No tool has lived. A camera has not lived. A guitar has not lived. A film stock has not lived. The life experience in any work belongs to the human who chose what to do with the tool. When a director uses a generative model to compose a shot they could not otherwise afford, the choice is theirs. The taste is theirs. The years of watching films and reading scripts and feeling things in dark rooms are theirs. The model is the brush.

What is true is that some AI work is bad. So is some painting, some music, some film. The existence of bad work in a medium is not an argument against the medium. It is an argument for criticism.

What is also true is that some AI work is built on training data taken without consent or compensation. That is a serious problem. It is a copyright and licensing problem, and it deserves a serious legal answer. It is not, however, the same problem as whether AI-made work should be allowed to compete for awards. Conflating the two lets the institutions use the legitimate grievance to defend the illegitimate exclusion.

The democratisation argument, honestly stated

The case for AI as a creative tool is not that everyone is now an artist. The case is that the cost of entering the conversation has fallen by an order of magnitude, and the people who could not previously afford to enter now can.

A teenager in Lagos can compose a short film. A first-time songwriter in Sao Paulo can hear their melody arranged for orchestra. A founder in Copenhagen can prototype an application without writing code. None of these people are taking work from the existing professionals at the top of the industry. They are entering a conversation they were previously priced out of.

Most of what they make will not be good. That has always been true of any expanding medium. Most novels are bad. Most films are bad. Most songs are bad. The relevant question is whether the small fraction that is good gets a hearing. The Cannes rule says no, not in the main competition. The Grammy rule says no, not unless we judge the human part of you significant enough. The Oscars rule says no, not in acting, not now.

These are not neutral aesthetic standards. They are policy choices about who is allowed in the room.

What the audience does

There is one piece of evidence that the institutions cannot rule on. Audiences have already started choosing. A song substantially generated by AI was one of the most popular on Spotify in Sweden last year before reporters identified its origin and the country's charts removed it.
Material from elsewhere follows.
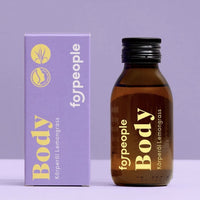 Vier Personen, die Körperöl Lemongrass von 4 People Who Care für Beauty & Pflege auf der Haut anwenden.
People liked it before they knew. They presumably stopped liking it when told to. Perhaps they will start liking it again when the labelling stops mattering. Perhaps not.

Either way, the answer to whether AI-made culture is "real" culture is not going to come from a rulebook in Beverly Hills or a press conference in Cannes. It is going to come from billions of small decisions about what to listen to, what to watch, what to share, what to keep.

That is how it has always worked. The Salon did not get to decide whether Monet mattered. The audience did. The audience took about thirty years to decide, but it decided.

What this means for the next ten years

Three things are likely.

First, the parallel institutions will grow. WAIFF this year. Something equivalent for music within twenty-four months. Something equivalent for literature shortly after. The new institutions will eventually have their own prestige, their own canon, their own bad-faith gatekeepers. That is the cycle.

Second, the existing institutions will quietly move their lines. The Grammy rule already allows "more than de minimis" human contribution. The Oscar rule disclosed but does not ban. In five years the language will read differently. In ten it will read very differently. By then the current statements will sound like the 1839 warning about sunlight and drawing masters.

Third, the audience will get bigger. More people will make things. More people will share things. More people will be heard. Some of those people will turn out to be the next generation of artists the institutions will eventually try to claim they discovered.

The institutions are not protecting art. Art does not need protecting from its own expansion. They are protecting the gate.

The gate has always been the temporary part.